#### TO DO:
Copy out the data that comes next, character for character, and leave the images aside.

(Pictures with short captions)
▬▬▬▬▬▬

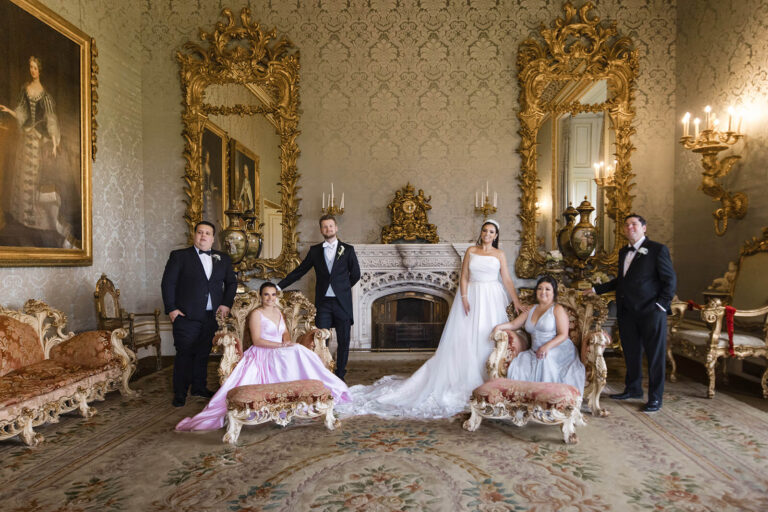 six people in formal attire pose in a lavish, ornate room with gilt framed mirrors, a fireplace, and antique furniture—a scene perfectly captured by an experienced allerton castle wedding photographer. two women wear dresses, one white and one pink, while four people wear dinner jackets.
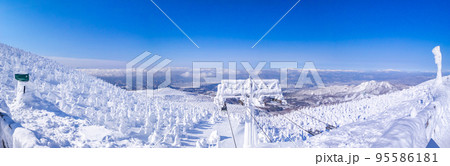 [パノラマ写真] 快晴の樹氷原を見渡す (山形県、地蔵山頂駅)  95586181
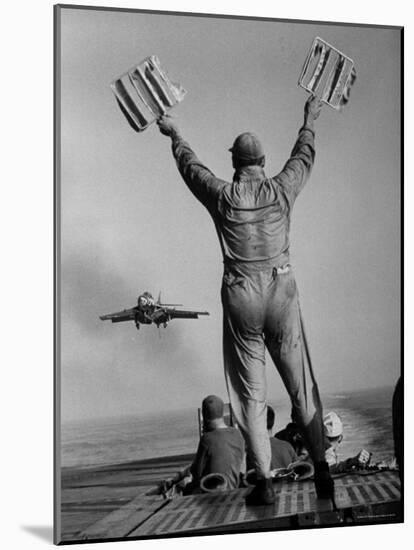 Shot of a Man Using Hand Lights to Signal an Incoming Aircraft Towards the Carrier's Landing-Hank Walker-Mounted Photographic Print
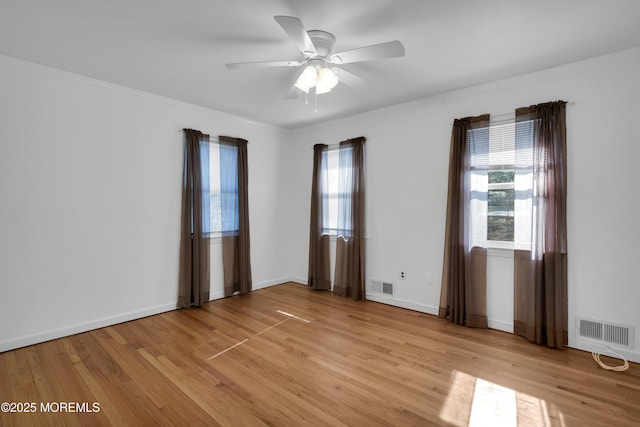 spare room featuring light wood finished floors, plenty of natural light, and visible vents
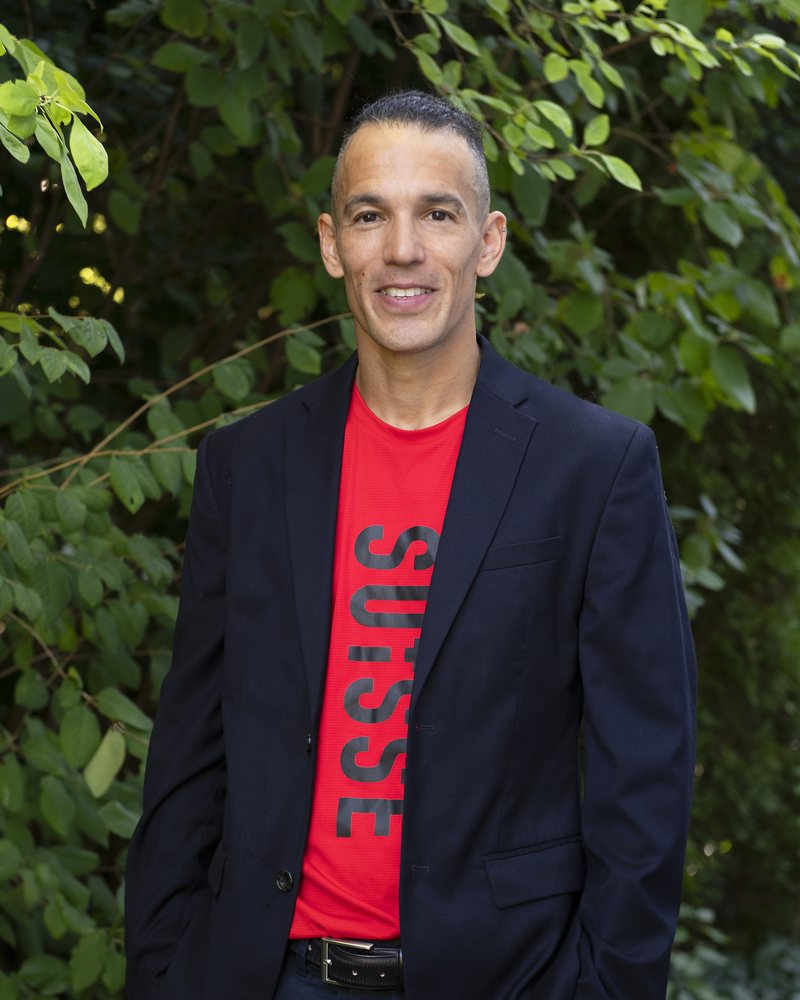 Dominik Erne, portrait in a blazer over the Swiss national team shirt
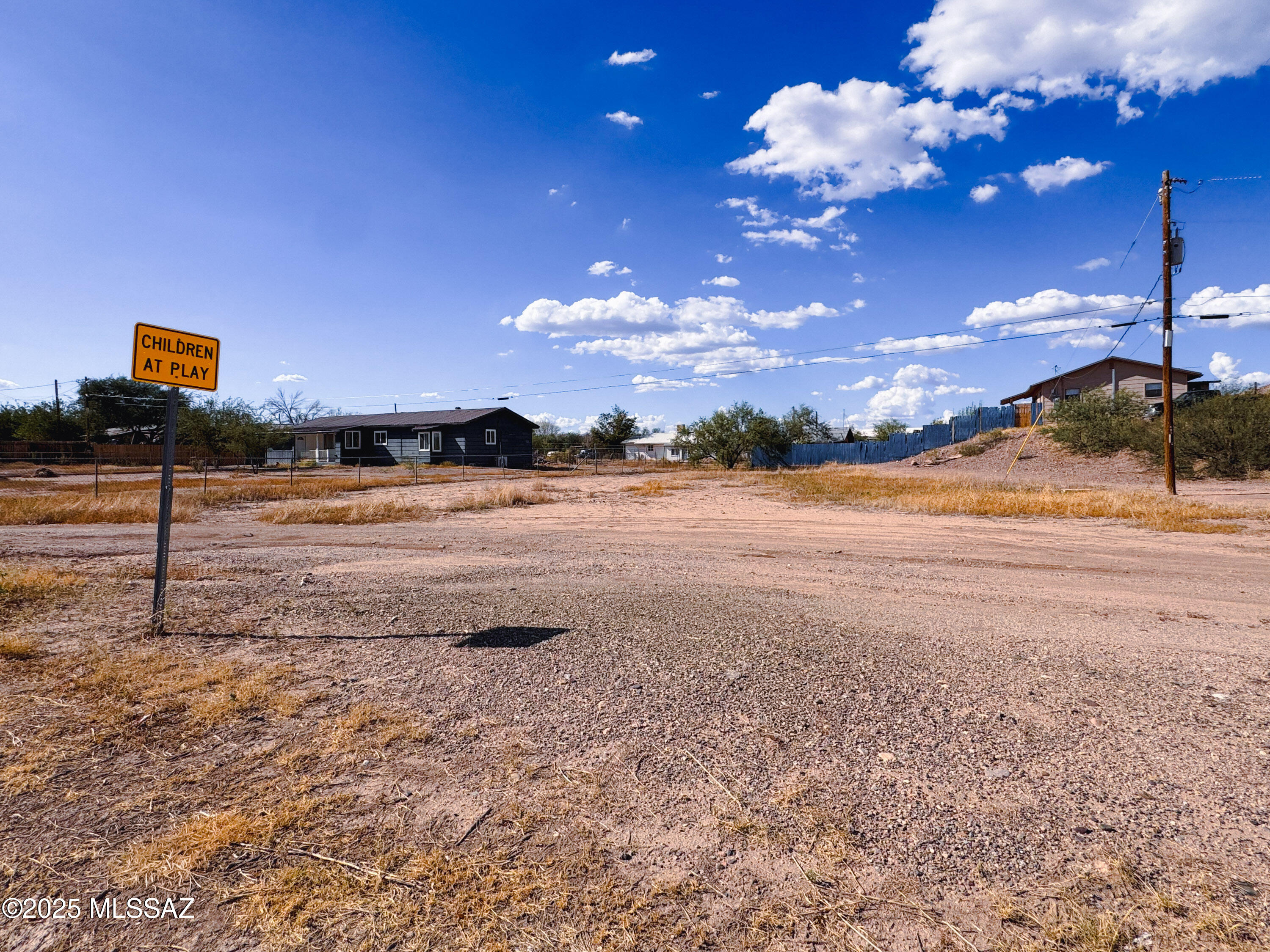 Easy build .26-acre infill lot on E Mark St in the heart of Benson. Close to schools, shopping, and quick I-10 access. Level site with city utilities at/near the lot line (water, sewer, natural gas) and power available via SSVEC.   Ideal for a low-maintenance primary home or downsize build.  Bring your plans and enjoy small-town living with big-sky views, outdoor recreation nearby, and an easy commute to Sierra Vista or Tucson.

▬▬▬▬▬▬

#### EXERCISE OUTPUT:
 six people in formal attire pose in a lavish, ornate room with gilt framed mirrors, a fireplace, and antique furniture—a scene perfectly captured by an experienced allerton castle wedding photographer. two women wear dresses, one white and one pink, while four people wear dinner jackets.
 [パノラマ写真] 快晴の樹氷原を見渡す (山形県、地蔵山頂駅)  95586181
 Shot of a Man Using Hand Lights to Signal an Incoming Aircraft Towards the Carrier's Landing-Hank Walker-Mounted Photographic Print
 spare room featuring light wood finished floors, plenty of natural light, and visible vents
 Dominik Erne, portrait in a blazer over the Swiss national team shirt
 Easy build .26-acre infill lot on E Mark St in the heart of Benson. Close to schools, shopping, and quick I-10 access. Level site with city utilities at/near the lot line (water, sewer, natural gas) and power available via SSVEC.   Ideal for a low-maintenance primary home or downsize build.  Bring your plans and enjoy small-town living with big-sky views, outdoor recreation nearby, and an easy commute to Sierra Vista or Tucson.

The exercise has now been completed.